Poursuivant les objectifs fixés en 1877, la LPMéd vise à garantir des soins médicaux de grande qualité tout en se fondant sur la définition globale de l'Organisation mondiale de la santé (OMS). Elle attache une importance toute particulière à une pratique professionnelle (à titre indépendant) centrée sur les exigences de la santé individuelle et collective et la protection de la santé. La LPMéd est axée sur les qualifications nécessaires à la pratique professionnelle. Ces dernières doivent, en effet, être assez vastes pour permettre au corps médical d'anticiper et de faire face aux rapides mutations survenant dans la recherche et l'enseignement ainsi qu'aux nouvelles donnes socio-démographiques. Outre les connaissances, aptitudes et capacités techniques, la formation abordera tout particulièrement les aspects psychosociaux et éthiques. La gestion économique des prestations médicales sera également inscrite dans les cursus. Les formations universitaire, postgrade et continue constituent ainsi des moyens décisifs pour appréhender les changements de manière adéquate et pour atteindre les objectifs visés par la politique sanitaire et en pérenniser les résultats.
Dans le domaine de la formation, l'on constate que, face à la lenteur du processus législatif, les universités ont déjà appliqué les prescriptions en termes de contenus, d'objectifs d'apprentissage et de formes d'enseignement ou sont en passe de les appliquer, p. ex. pour les titres de bachelor et de master. De plus, la plupart des établissements d'enseignement supérieur ont déjà élaboré des concepts pour remplacer les examens propédeutiques, jusqu'ici fédéraux, par des évaluations intrauniversitaires et par un système de crédits d'études fondé sur le système européen de transfert de crédits (ECTS) et recommandé par la Conférence universitaire suisse.
La LPMéd entérinera par conséquent le statu quo tout en instaurant les bases nécessaires pour vérifier si les objectifs sont atteints.
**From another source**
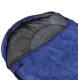 Tourist mummy sleeping bag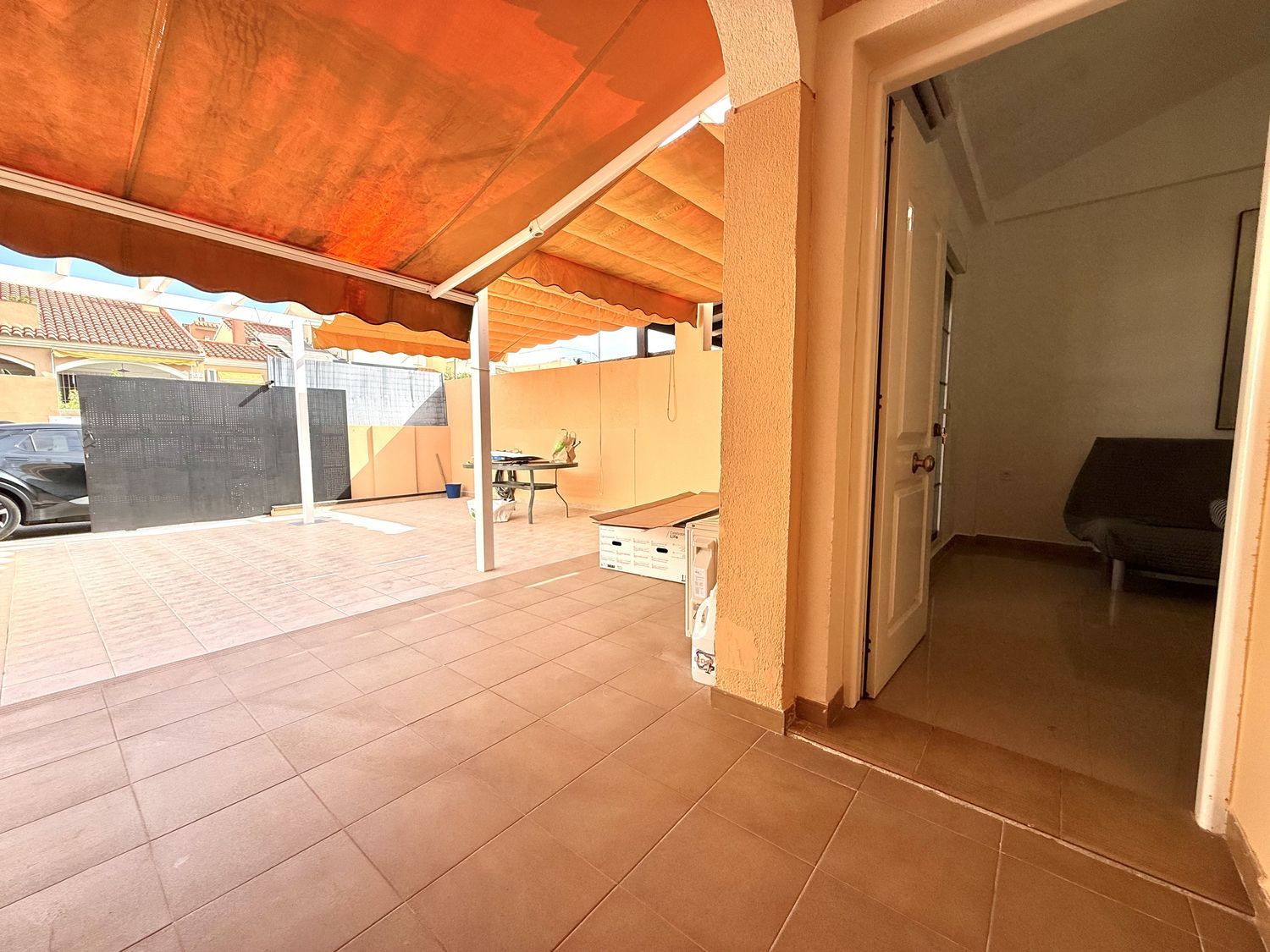 Chalet adosado en Avenida D'Escandinàvia, 41, Gran Vista-Olivo de Oro, Gran Vista-Olivo de Oro - Foto 4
Une fois que la loi sera entrée en vigueur, cette vérification se fera, sur le plan individuel, par le biais d'un examen fédéral portant sur les aptitudes professionnelles et, sur le plan institutionnel, par l'accréditation des filières d'études universitaires et postgrades.
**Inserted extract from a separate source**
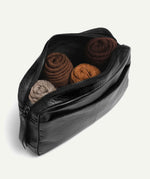 Lade das Bild in den Galerie-Viewer, MUUD Living Ledertasche SANDNESS handgefertigt  SALE 20%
Dans la mesure où elle doit en premier lieu assurer le bon fonctionnement de la santé publique, la LPMéd réglemente de manière exhaustive l'exercice de la profession à titre indépendant. Elle prévoit également les devoirs professionnels, p. ex. le devoir de formation continue. En cas de non-respect, les mesures disciplinaires prévues par la LPMéd s'appliquent. L'autorisation pour l'exercice à titre indépendant relève toujours des cantons, qui peuvent émettre des restrictions et des charges spécifiques pour assurer des soins médicaux fiables. Le registre des détenteurs de plan national, facilitera la procédure d'autorisation et la surveillance de l'activité professionnelle pour les cantons. Cet instrument d'information sera accessible au public, à l'exception des données sensibles.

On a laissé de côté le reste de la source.